If you're having a disagreement with someone one of the most important things you can and should determine as early as possible is whether you're dealing with a good faith actor, because that determines whether you're having a
discussion or debate. If you're a good faith actor and you're dealing with a good faith actor then you can ask questions like "what do we agree on?" Take global warming, for example. You don't necessarily "agree" or "disagree" with global warming, there is a spectrum of potential agreement:
- The planet Earth exists
- There has been a recent warming trend
- There has been a recent increase in atmospheric CO2
- The recent CO2 increase is in some part of human origin
- The temperature increase is caused in some part by CO2's role in the Greenhouse Effect
- Continued warming will be detrimental to human quality of life in some way that can be monetized and weighed against proposed solutions.
- Continued warming will be "fantastically apocalyptic", potentially killing a significant portion of the human population.
- Global warming will cook all life on earth, providing a great feast for the carnivorous insect-people who live inside the moon.
Two good faith actors can agree that the planet Earth exists and that there has been a warming trend but disagree on whether that trend was caused by CO2. They can agree that it was caused by CO2 but disagree on the portion of CO2 that is of human origin. They can agree on human CO2 but disagree on whether CO2 is the driving factor. But if you simply resist every argument on every front - if you deny any common ground, if you're trying to prove that a particular group is simply "boolean-wrong" while ignoring or shrugging off any hint of agreement between your position and theirs - then you're not a good faith actor.

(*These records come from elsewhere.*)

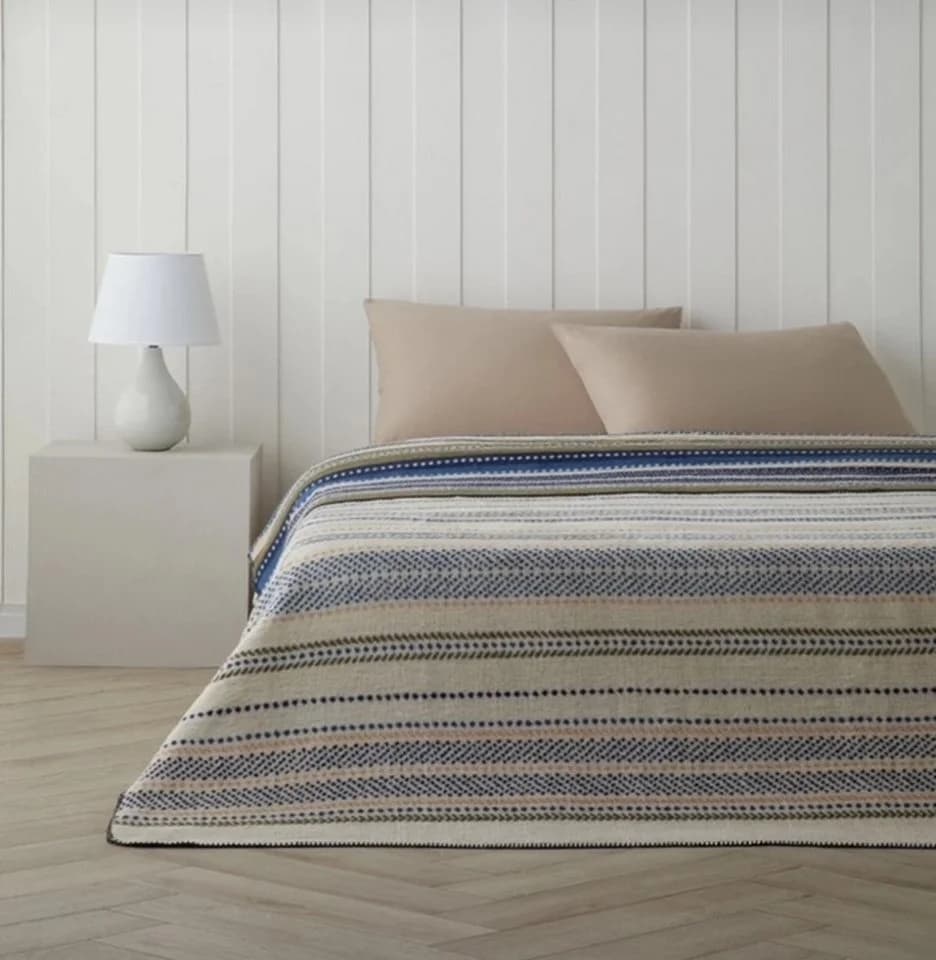 Sandiik Wohndecke Smooth Stripe aus Biobaumwolle Beige - Bild 2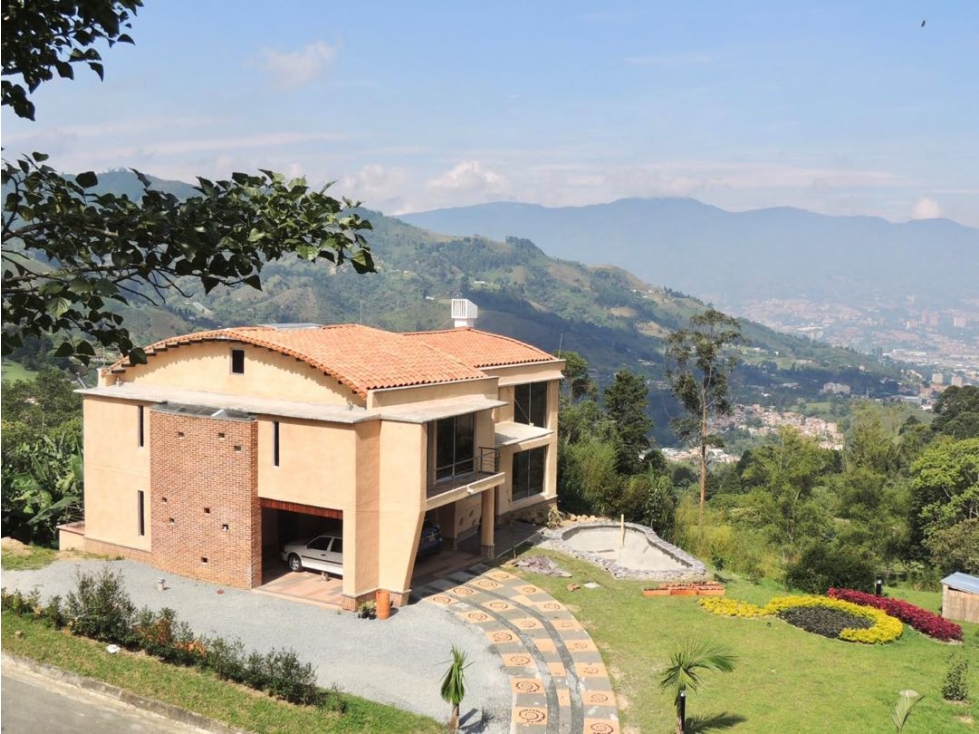 Espectacular casa en venta en envigado 460 metros construid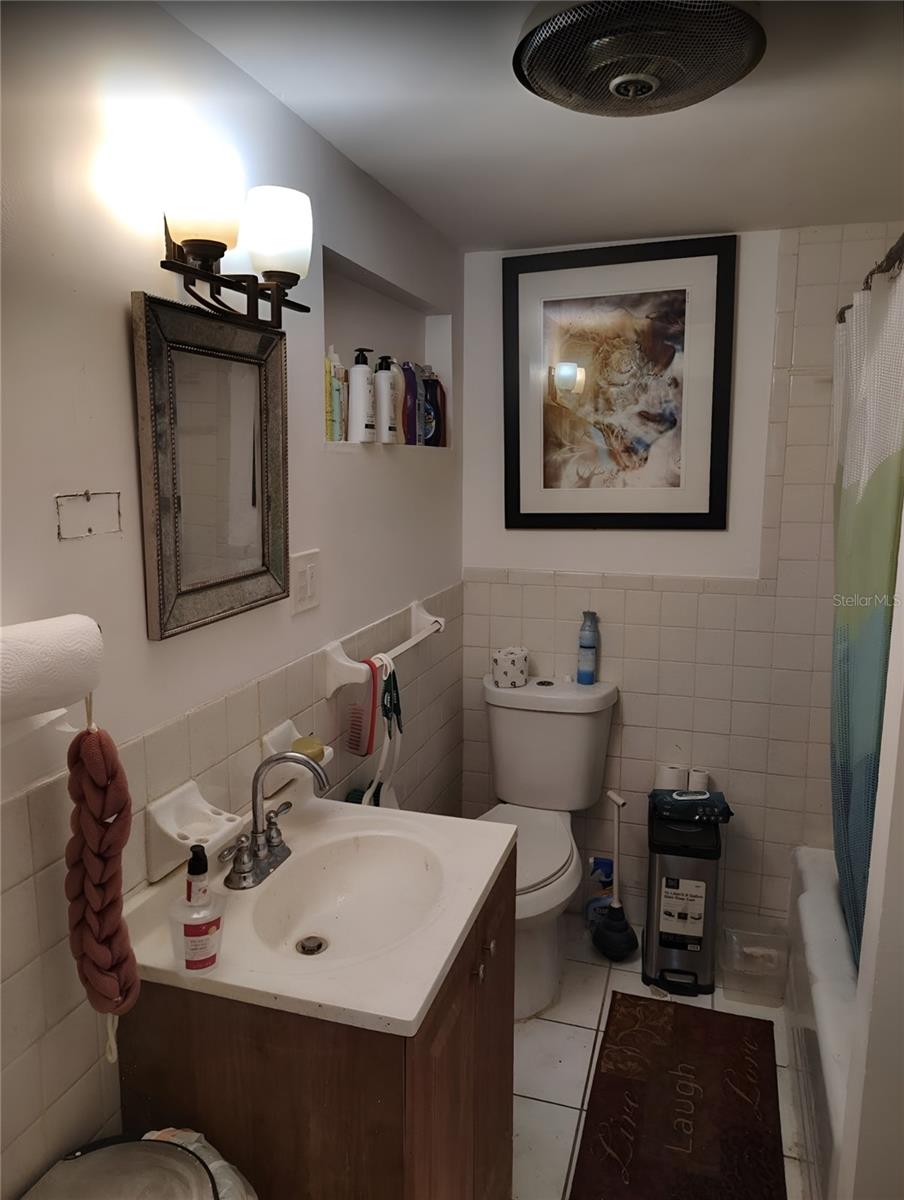 HARRISONS W T RESUB - Residential Income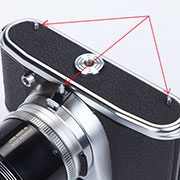 【VOIGTLANDER(福伦达)】Bessamatic 135单镜头反光相机拆解图， 机身底部，相机的三个脚也是一样，对称。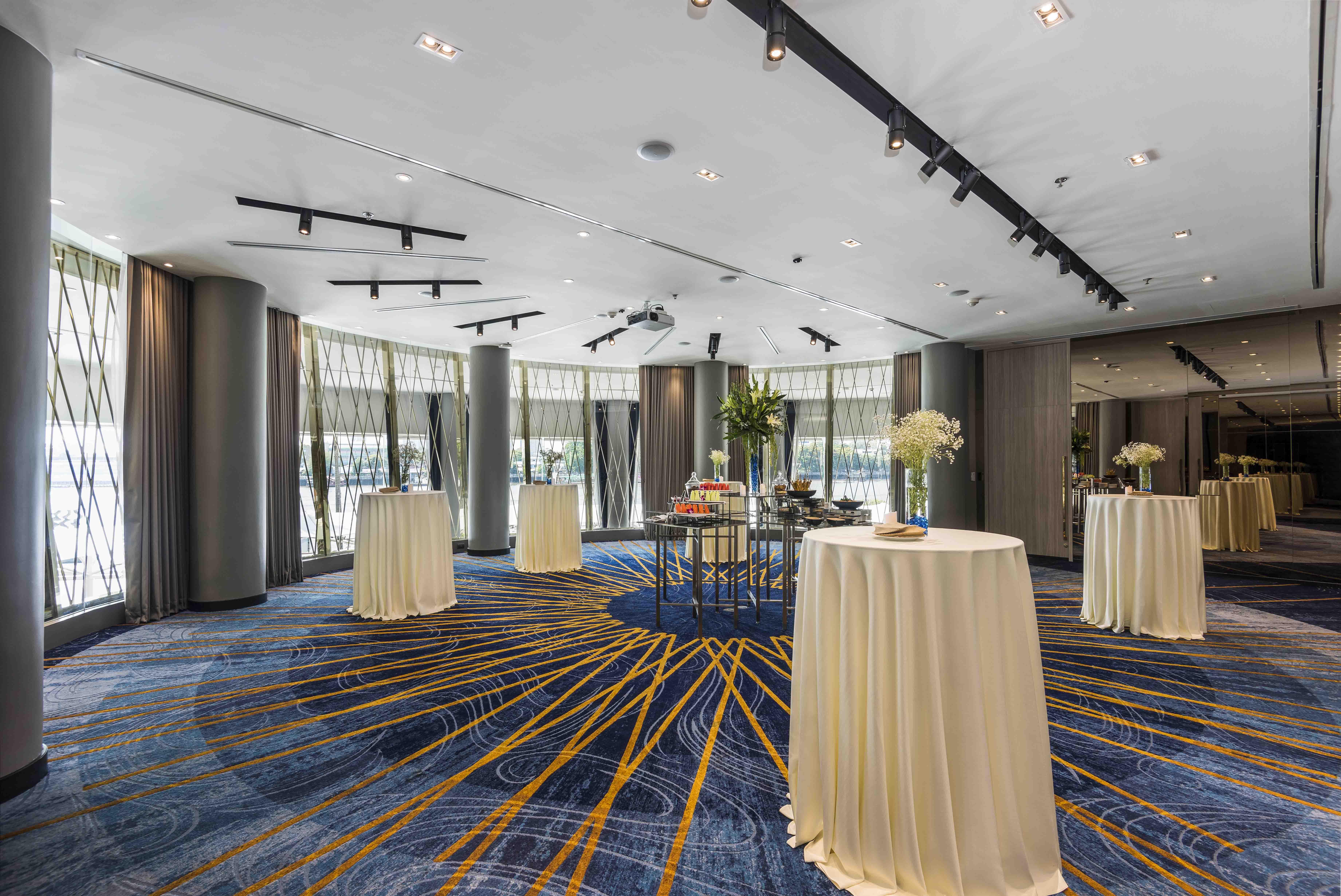 Chatrium Hotel Riverside Банкок Екстериор снимка The Westin Convention Centre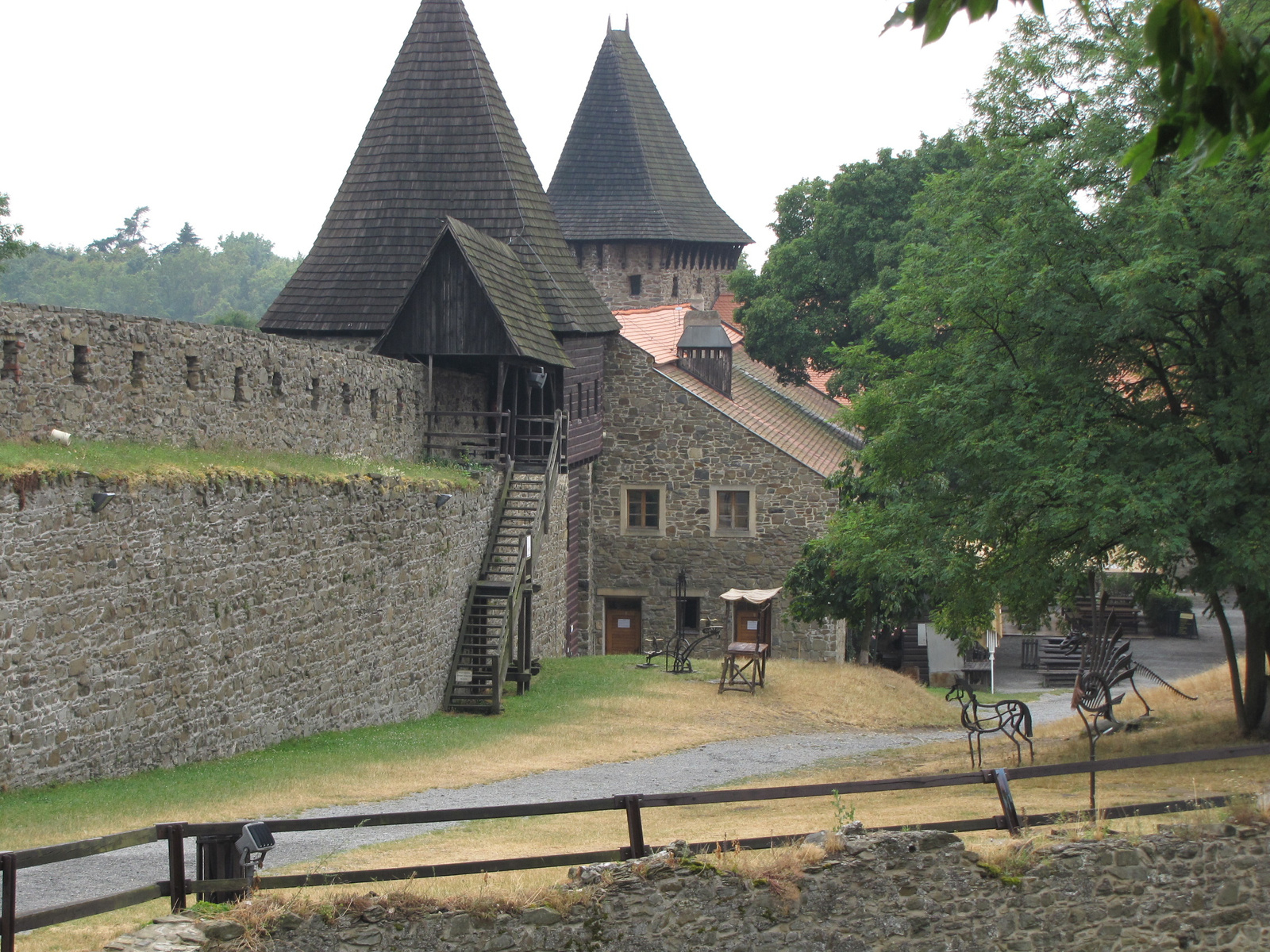 Týn nad Bečvou, Helfštýn, a vár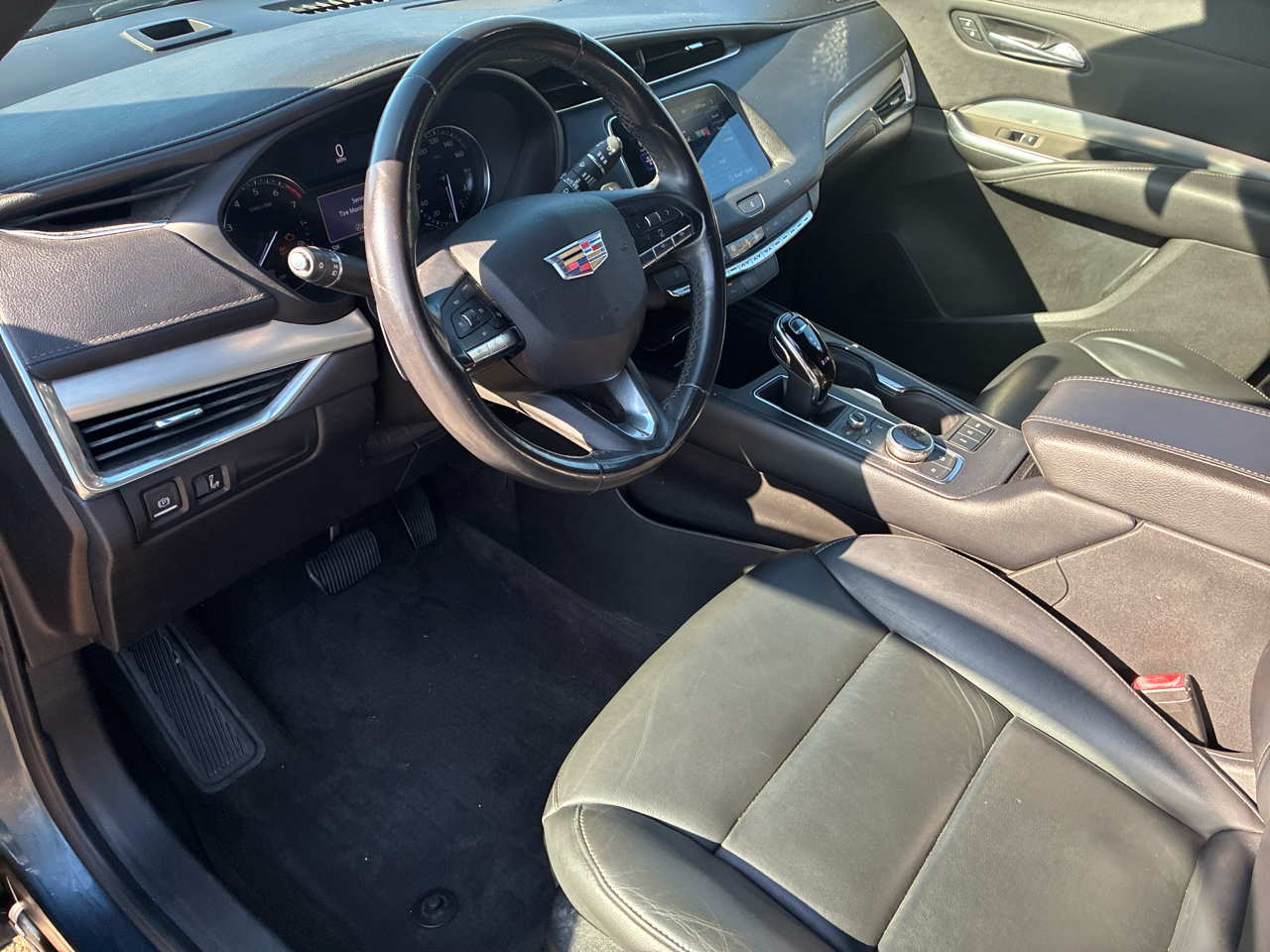 Cadillac XT4 FWD 4dr Premium Luxury 2020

In the case of global warming, that goes for proponents as well as deniers. You can say that global warming is bad, but if you're not willing to entertain the rationale of skeptics by considering an upper limit on how bad it could possibly be relative to the costs of proposed solutions then you're not acting in good faith either. Find what you agree on before you argue about what you disagree on. Spending mutual effort to resolve agreement can also be a good exercise to prevent the exchange from becoming unnecessarily adversarial.